Mesmer coined the term animal magnetism. He received his medical degree on May 27, 1766. His thesis was called “The Influence of the Planets on the Human Body.”

Detail of Franz Anton Mesmer portrait. The Granger Collection, New York

Detail of Franz Anton Mesmer portrait. The Granger Collection, New York

Mesmer first used magnetism in 1773 when treating a 27-year-old woman who was suffering from paralysis, persistent vomiting and urinary retention, and was expected to die. English physicians were making therapeutic use of magnets. Mesmer had the woman swallow a preparation containing iron and attached magnets to her stomach and legs. When the woman improved greatly Mesmer credited the “magnetic fluid” for her cure. He commissioned magnets from the Royal Astronomer in Vienna and toured Bavaria as a healer, but met the hostility of his medical colleagues when he returned to Vienna.

In 1777, Mesmer treated a blind pianist whose optic nerve was undamaged. She suffered from spasms of her eyes and depression and endured horrific treatment including the application of a plaster cast of her skull electrical shocks to her eyes. Mesmer applied the transmission of “Animal Magnetism,” which today might be called the laying on of hands. The girl improved rapidly, thought she relapsed within the year.

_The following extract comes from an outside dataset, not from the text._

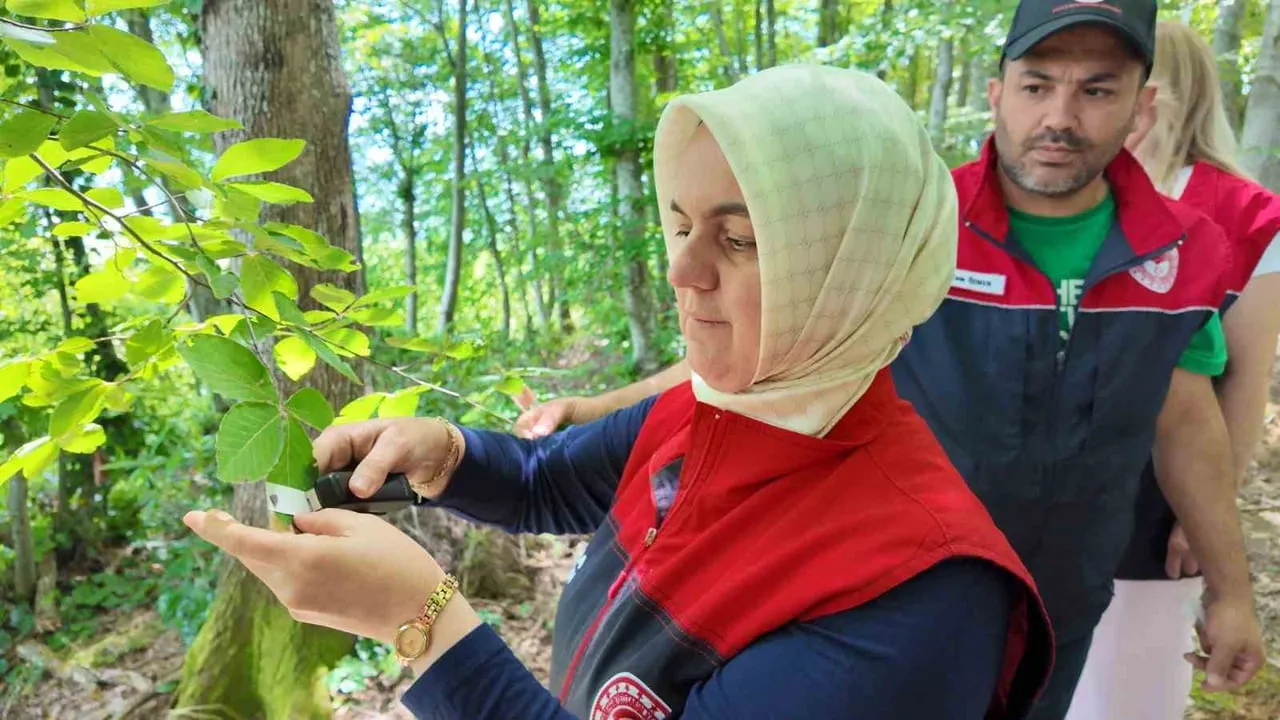 Samuray arıları doğaya salındı, kahverengi kokarca mücadelesi genişliyor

In 1784, American Foreign Minister to France Benjamin Franklin lead a Royal Commission to investigate Mesmer’s theories of “Animal Magnetism.” By August 1784, their official report found no evidence to support the theories and the commission raised concerns about the treatment’s harmful effects. The findings of the commission and the French Revolution led Mesmer to leave Paris and return to Vienna.

Mesmer’s work was denounced during his life, but it spread after his death, largely through experiments carried out by Baron du Potet, who later became an Honorary Member of the Theosophical Society, between 1830 and 1846. Science denounced mesmerism in favor of hypnotism.

During his life, the music-loving physician often took an instrumental part during the performances he presented. Besides playing the violoncello and the clavichord, Mesmer owned a glass instrument called the armonica, which he mastered better, according to surviving letters, than Wolfgang himself, who also tickled the rare instrument on visits.

Mozart’s death on December 5, 1791 at the age of 35 is shrouded in controversy and intrigue. On the morning of March 15, 1815, a young musician played Mozart’s “A major Sonata” on musical glasses made in the sixteenth century by Athanasius Kircher, who believed the power of sound could cure diseases, to accompany Dr. Anton Mesmer as he passed on.